Orrore nel pub: pugni e umiliazioni al cane terrorizzato, 33enne nei guai – VIDEO

(Websource / Mirror)

Ubriaco, seduto nel giardino del Royal Oak Pub a Lewes, nell’East Sussex (Regno Unito), Daniel McCreedy aveva scagliato tutta la propria, insensata furia contro il suo cane, colpendolo con ben 36 pugni, alternati da coccole e carezze, di fronte agli altri avventori increduli e inorriditi. Dopo mesi di indagine il giovane, 33 anni di Brighton, è stato finalmente identificato e inchiodato alle sue responsabilità grazie alle riprese del circuito di video sorveglianza. Era stata la stessa proprietaria del locale, Trudy Funnell, a condividere il video, chiedendo a chiunque informazioni utili a individuare l’autore di questa odiosa violenza. Il filmato, che vi riproponiamo, aveva generato una vera e propria caccia all’uomo anche in rete e sui social, mentre la Rspca, lente deputato alla protezione degli animali, aveva presentato subito una denuncia all’indomani della diffusione dello stesso, lo scorso 13 aprile.

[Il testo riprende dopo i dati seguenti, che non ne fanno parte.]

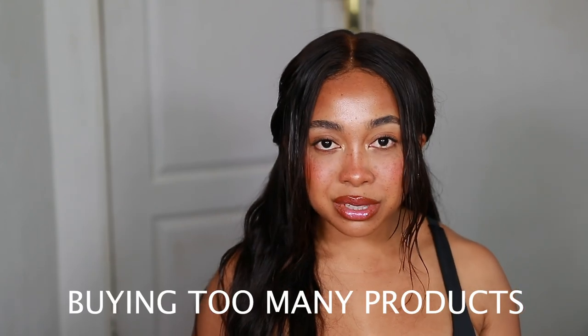The first mistake is one of the most common ones because it is very exciting when you want to finally start growing your hair — and this is buying and using too many products. Having too many products can be very overwhelming and it will make you much less likely to actually use them because there are so many options. It's kind of like when you have so much homework and you're so overwhelmed that you just decide to do nothing, and then you miss out on so many amazing benefits.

La Polizia locale è riuscita a individuare McCreedy grazie anche alle diverse segnalazioni pervenute da decine di persone che lo avevano avvistato e riconosciuto. Il 33enne, reo confesso, è stato arrestato con l’accusa di maltrattamento di animali, condannato a 12 mesi di servizi sociali (oltre al pagamento delle spese legali, pari a poco più di 400 euro) e ora reso oggetto di un “divieto di possedere e toccare animali”. Secondo quando ricostruito dall’accusa, per oltre un quarto d’ora avrebbe preso di mira il cane, chiamato “Babe” o “Tyson”, un bellissimo incrocio con un Stattfordshire terrier. Nel corso del processo la stessa accusa ha citato il parere di diversi esperti per dimostrare che il comportamento del ragazzo ha provocato dolore e sofferenza all’animale. Animale che – si è appreso in seguito – non era neppure suo: gli era stato affidato da un conoscente, evidentemente ignaro della sua indole violenta. E nella sua testimonianza la proprietaria del locale ha dichiarato di essersi sentita in colpa per aver lasciato il povero cane in balia di quell’uomo: “Per ben quattro volte si è alzato per andarlo ad infastidire. Lo ha colpito una trentina di volte e per due volte gli ha versato anche della birra sulla testa”. Ora “Babe”, che fortunatamente non ha riportato gravi ferite (al netto però dell’indubbio trauma psicologico), è stato riaffidato al suo proprietario.